Get to know your visitors

This last point brings us to Local Measures – the startup that helps you to know your audience better. If you have your own website or blog, you should be familiar with tools like Google AnalyticsFeedburner or Clicktale that provide websites with snapshots of their virtual audiences. While these tools are excellent for measuring your relative standing vis-à-vis others and recording your website's growth over time, they do little in terms of providing insight into who your audience is. So at the end of the day you might know the number of people who came to your blog, but there is little you know about their age, hobbies, social interests or histerical loyalty to their iPhone.

This is where our service comes into the picture: Local Measures provides you with metrics and dashboard explaining what kind of people come to your website. By indexing a variety of social media sources, we gather public information that - when presented in the right context - helps you to make sense of your audience. So rather than spend hours tracking authors of comments on your blog, you take one look at a dashboard and devote the rest of the morning  developing more engaging content. Knowing your audience also helps website owners increase revenue: either by improving the quality and fit of ads they run or by developing offers and partnerships that appeal to web visitors.

We understand that the idea of personal profiles jars many people and we ourselves would be among the first people to complain about our private data being collected across the web. So in developing our service we are focused on putting transparent privacy controls in place and making it easy to opt-out of our service. Yet, we also think that the so-called science of audience has been exposed to a lot of ungrounded criticism, sparked by sloppy reporting or misconceptions about technology currently employed on the web. To counter this trend, we want to emphasize the benefits more targeted content and advertising hold for web visitors: from less obtrusive advertising to more quality content available online for free. 

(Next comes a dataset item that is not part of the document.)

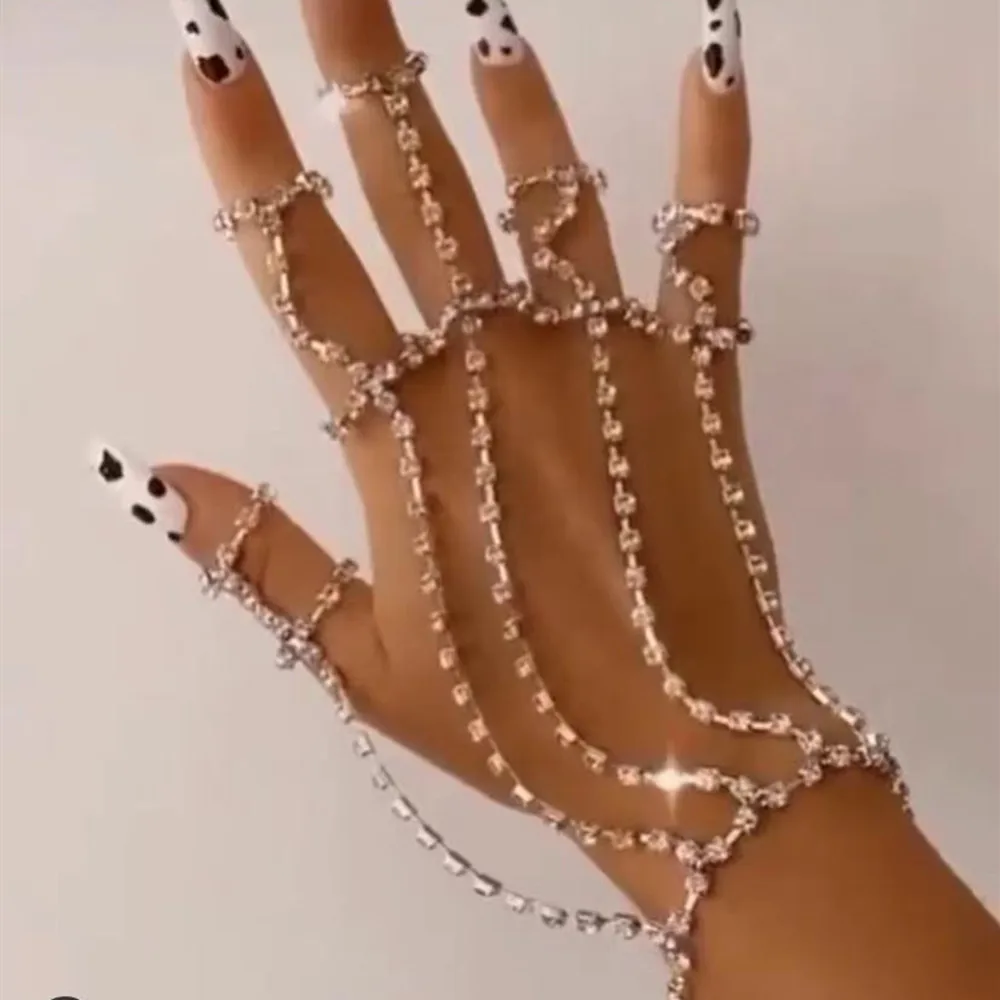 Luxury Crystal Rhinestone Tassel Hand Chain Ring Bracelet Slave Full Fingers Chain Jewelry for Women Wedding Hand Back Bangles
Luxury Crystal Rhinestone Tassel Hand Chain Ring Bracelet Slave Full Fingers Chain Jewelry for Women Wedding Hand Back Bangles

What's your dream visitor profile?

Seeing how many engaged readers come to the Amino blog, we would like to use this opportunity to ask you what kind of information about your website visitors you would find most interesting? Would that be gender break down of your visitors (and how would you feel suddenly discovering that full 90% of your readers are males)? Or are you more interested in social interests of your visitors, meaning music and film genres they like? Then again, if you are writing a fashion blog, you might be interested in learning about the brands your readers like and engage with across social networks. Feel free to leave your thoughts and suggestions in the comments section.

Meanwhile, we are back to meetings and presentations, algorithms and Excel sheets - all those things that one day will help our startup grow into a kind of company that makes you say “Yeah, man!!!” upon learning the kinds of services we provide.